I have tried other android keyboards from the market place and most do not add a number row, and the one that does (hackers keyboard) adds a bunch of other keys that makes it harder to type.


----------



## chessmaster W/nook (Aug 22, 2011)

Razor512 said:


> It would be great I could get the webos virtual keyboard on android, or if that is not possible, then keep the same android keyboard look with the 100% only change being a added number row.
> 
> I have tried other android keyboards from the market place and most do not add a number row, and the one that does (hackers keyboard) adds a bunch of other keys that makes it harder to type.


It would probably be easier to just create a new keyboard that looks like the WebOS keyboard, than to port it. It could easily be based on the stock keyboard.


----------



## Colchiro (Aug 26, 2011)

Your best bet is to lower your standards or keep looking. There's a LOT of keyboards out there.


----------



## HY-rowi (Jan 24, 2012)

there was this thread:

http://rootzwiki.com...ard-to-android/

so you wanna see what people say about alternatives...but that's as far as you can go.

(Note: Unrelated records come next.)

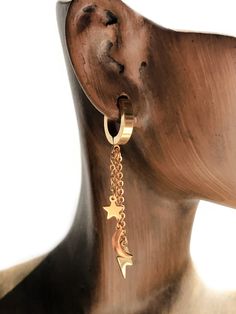 These dangly statement earrings are a fashionable huggie hoop with three chains each with a charm at the end- one star, one crescent moon & one lightning bolt. Huggie hoops are hinged at the bottom of the hoop and snap to clasp. Choose from silver or gold plated stainless steel (hypoallergenic). Hoop is 1/2" long with a total length of 2". One Star, Lightning Bolt, Crescent Moon, Septum Ring, Crescent, Statement Earrings, Gold Plate, Nose Ring, Plating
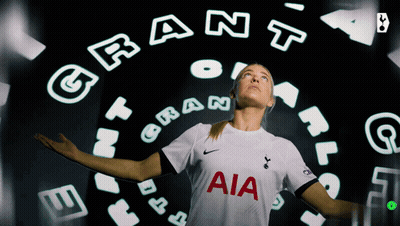 A Woman Wearing A White Aia Jersey Stands In Front Of A Circle Of Letters GIF
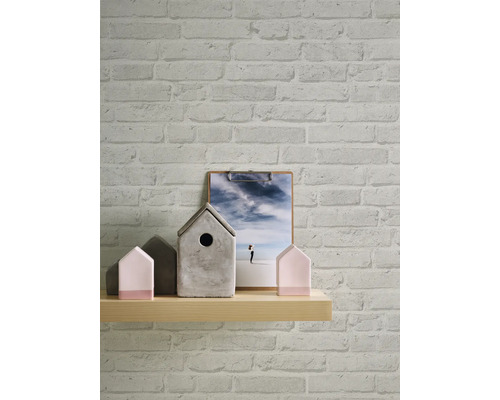 Muur met bakstenen behang, houten plank met huisdecoraties en foto op een klembord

I also saw this https://market.android.com/details?id=com.looptek.powenko.softkeyboard&feature=search_result#?t=W251bGwsMSwyLDEsImNvbS5sb29wdGVrLnBvd2Vua28uc29mdGtleWJvYXJkIl0.

not sure how good/bad it is though.


----------



## ChronoReverse (Oct 14, 2011)

Use Hacker's Keyboard and turn on the 5th row. There's many adjustments so you can even make the number row half sized like WebOS. I like having the arrows keys.


----------